REQUIRED WORK.
Copy the records below exactly as they appear.

SOURCE DATA.
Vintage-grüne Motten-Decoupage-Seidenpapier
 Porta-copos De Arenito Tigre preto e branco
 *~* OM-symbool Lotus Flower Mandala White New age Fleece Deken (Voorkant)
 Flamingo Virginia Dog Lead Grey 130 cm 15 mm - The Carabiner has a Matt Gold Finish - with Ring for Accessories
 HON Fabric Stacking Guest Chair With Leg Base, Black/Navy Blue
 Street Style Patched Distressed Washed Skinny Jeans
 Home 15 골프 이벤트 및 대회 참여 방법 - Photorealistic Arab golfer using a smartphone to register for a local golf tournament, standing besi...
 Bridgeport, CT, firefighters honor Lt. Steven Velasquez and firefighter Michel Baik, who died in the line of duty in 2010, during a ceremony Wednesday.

OUTPUT OF THE TASK.
Vintage-grüne Motten-Decoupage-Seidenpapier
 Porta-copos De Arenito Tigre preto e branco
 *~* OM-symbool Lotus Flower Mandala White New age Fleece Deken (Voorkant)
 Flamingo Virginia Dog Lead Grey 130 cm 15 mm - The Carabiner has a Matt Gold Finish - with Ring for Accessories
 HON Fabric Stacking Guest Chair With Leg Base, Black/Navy Blue
 Street Style Patched Distressed Washed Skinny Jeans
 Home 15 골프 이벤트 및 대회 참여 방법 - Photorealistic Arab golfer using a smartphone to register for a local golf tournament, standing besi...
 Bridgeport, CT, firefighters honor Lt. Steven Velasquez and firefighter Michel Baik, who died in the line of duty in 2010, during a ceremony Wednesday.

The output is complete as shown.